WS: I think it works with a lot of people that way. And not just young people. And she wasn't such a bad teacher, letting you go on like that.

TJ: Well, that's the Swedish way of teaching. It ought to be good, but somehow it doesn't really work out the way it should. Instead of everybody thinking for themselves, they all think like each other.

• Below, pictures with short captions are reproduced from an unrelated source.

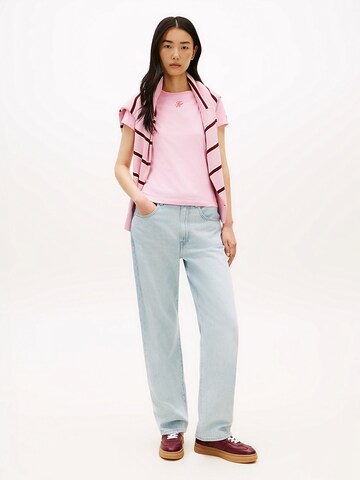 TOMMY HILFIGER Shirt in Roze
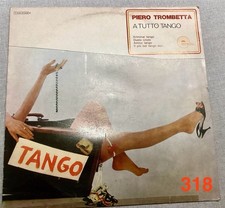 Disco LP 33 Giri “a Tutto TANGO” di Piero Trombetta - Emidisc 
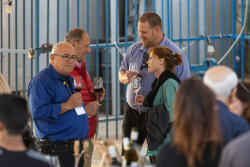 Concluding dinner - Bravdo Winery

WS: Buckminster Fuller used to insist that a teacher's job was to teach students to think for themselves. But, as you say, there's rather more to all that than meets the eye. Remember in The Life of Brian when Brian is addressing the multitudes from his bedroom window and tells them that they must all think for themselves, because they were all individuals. At which point, the whole crowd repeated back to him in unison 'Yes, we are all individuals'. Immediately after, the camera just shifted a fraction onto one bearded face at the front of the crowd, and you saw his somewhat bemused look as he lifted up his hand, as if to say 'Please Teacher', and said in a puzzled tone 'I'm not!'. Classic Monty Python humour, but also brilliant philosophy. But we are wandering again. Back to the Swedish Green Party. Any further thoughts, Thore?

TJ: Well, Tom was saying that it's about the rise and fall of any party anywhere, and I think that's right in that contained within these two covers are revealed all the forces that are working to shape the fortunes of the political parties. So, it is theoretically possible to put them together and figure out the overall effect.

WS: I'm glad you think so. I'm not so sure. But, I've thought it worth trying to find out, so I've asked George Richardson, a teacher at Simon's Rock College in Massachusetts and an old colleague of mine from my MIT days, to try to interest some graduate students or teenage hackers in building a system dynamics model to test the idea.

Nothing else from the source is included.